A Bridge To The Cloud
Wolfgang Tonninger, 19/02/2010, posted in "Analysis"
Not a UC4 employee, but an external source and UC4 companion. Wolfgang Tonninger is responsible for irritation and inspiration in this blog, and secretly the blog engine. He has ...more info
Not a UC4 employee, but an external source and UC4 companion. Wolfgang Tonninger is responsible for irritation and inspiration in this blog, and secretly the blog engine. He has been working in content creation and development for 20 years, as well as writing about intelligent use of IT solutions. He thinks too much about cultural aspects of technology - sometimes offline without bad conscience. ...less info
People like to think in “either-or”solutions, trying to make their lives easier, and maybe unconsciously trusting the paradox that more choices may lead to a poorer decision (Paradox of Choice). This is in spite of a reality which often proves to follow a more fuzzy and compromising “both-and” logic.

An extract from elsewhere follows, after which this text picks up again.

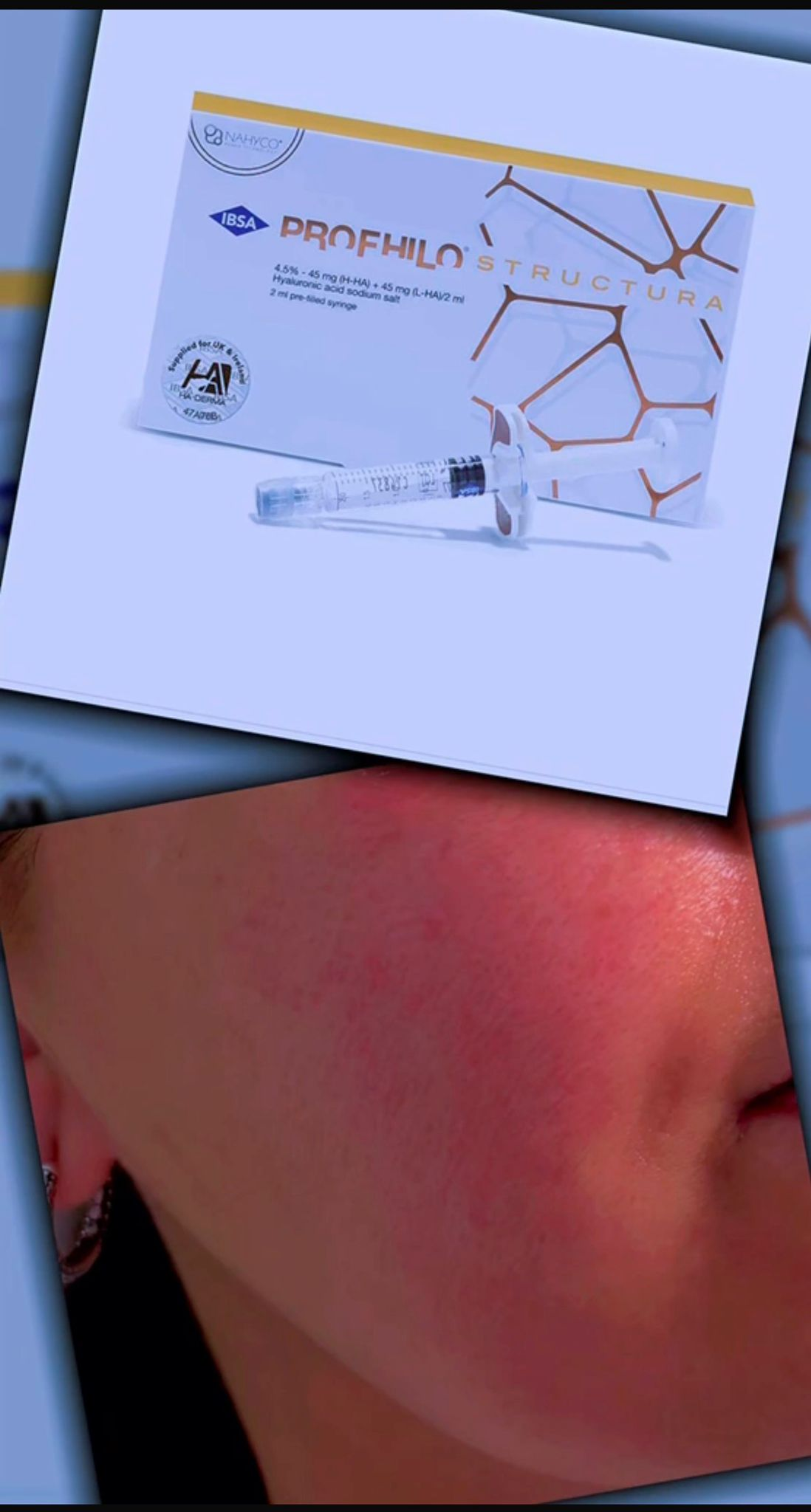 Profhilo Treatment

Take the hype about cloud computing. Although the world is full of cloud apologists nowadays one should bear in mind that the cloud market is still nascent – with, so far, only 4 percent of small and enterprise companies from the United States and Europe taking advantage of it, which means, from a management point of view, that in the nearer future we will have to deal with the reality of hybrid environments and even more processes connecting physical, virtual and/or cloud-based platforms.

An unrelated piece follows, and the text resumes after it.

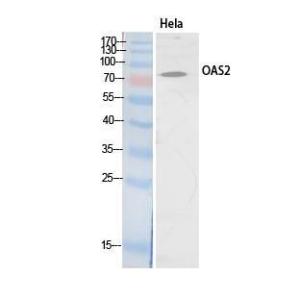 Western blot analysis of extracts from HeLa cells using Anti-OAS2 Antibody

Bob Muglia, president of Microsoft’s Server and Tools Business, proves that serious cloud providers like Microsoft share this view: “There’s more than one flavor of cloud computing, including private clouds that run on a business’s on-site servers. And it needn’t be an all-or-nothing proposition; we expect customers to want to integrate on-premises datacenters with an external cloud”.
This reality one needs to have in mind when it comes to evaluate the new “Agent for Web Services” UC4 unveiled some weeks ago. In a conversation I had with Vincent Stueger, Chief Technology Officer, UC4 Software last week, he told me why this Agent is “a really big and promising step. Because it’s much more than offering a simple web interface to remotely start a job or change a parameter. With this agent you can seamlessly monitor and control a process from the ground to the cloud and back.”

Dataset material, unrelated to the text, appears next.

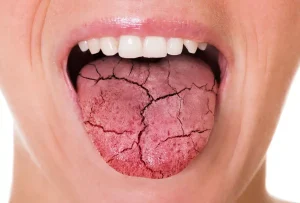 Understanding Dry Mouth: Symptoms, Causes, and Remedies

If Milind Govekar, Research Vice President, Gartner, is to be believed, this bridging capability will not just decide on the future of automation, but also on the future of the cloud: “The ability of the technology platform to manage a hybrid environment consisting of legacy and cloud applications with a single automation platform will be needed for clearing the way for greater adoption of cloud-based models.”
The cloud is not our destiny, but it brings a big choice – if we are able to provide the bridges.